To do:
Would you please repeat, word for word, only the lines from the one holding "Invitación Agalita y" through the one holding "upsimples 5x7 Picture" in the material below, without the pictures?

Data shown:
▶
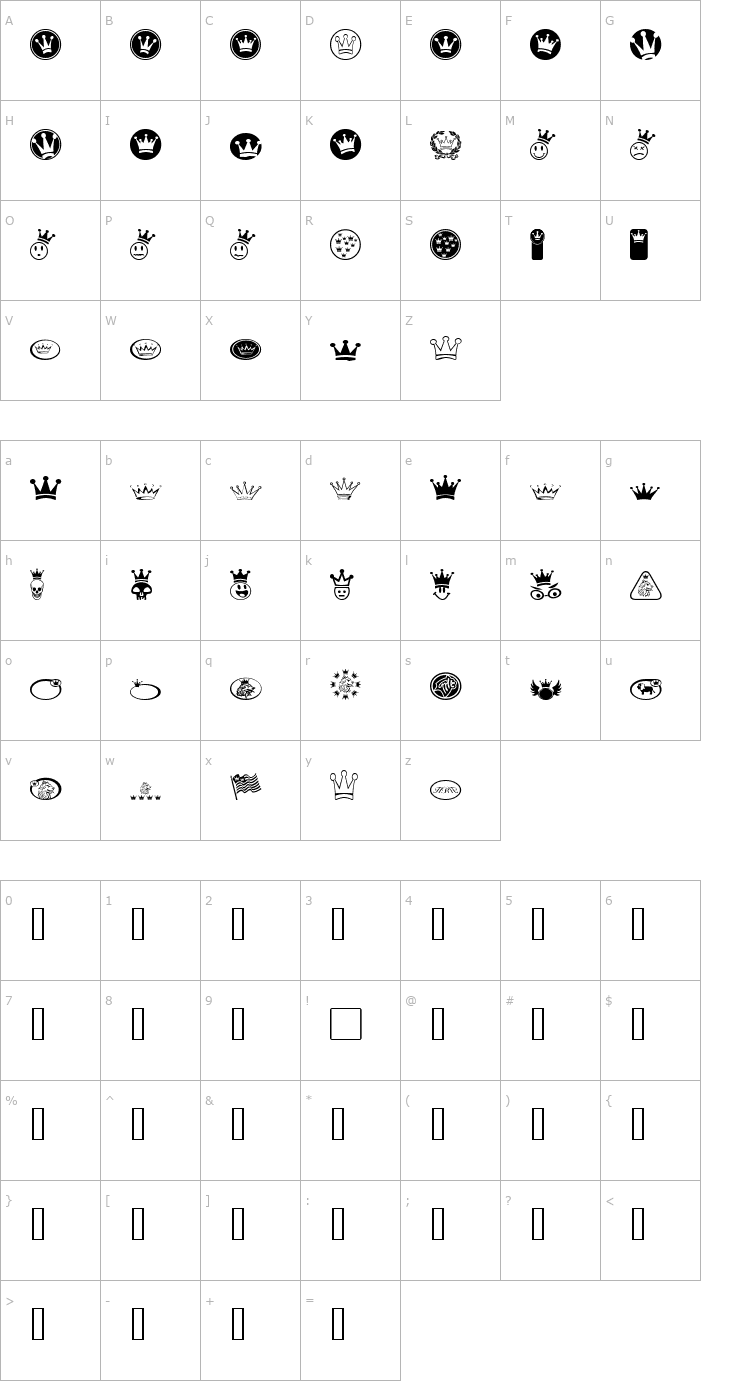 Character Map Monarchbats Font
◀
▶
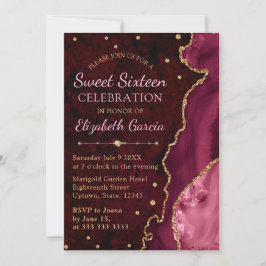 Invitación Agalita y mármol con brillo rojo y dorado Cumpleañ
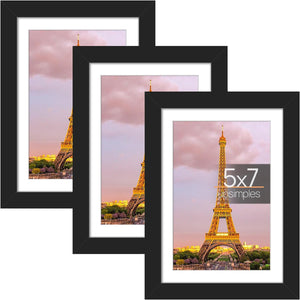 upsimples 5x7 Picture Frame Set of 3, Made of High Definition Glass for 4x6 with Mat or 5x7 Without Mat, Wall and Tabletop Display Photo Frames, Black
◀
Expected output:
 Invitación Agalita y mármol con brillo rojo y dorado Cumpleañ
 upsimples 5x7 Picture Frame Set of 3, Made of High Definition Glass for 4x6 with Mat or 5x7 Without Mat, Wall and Tabletop Display Photo Frames, Black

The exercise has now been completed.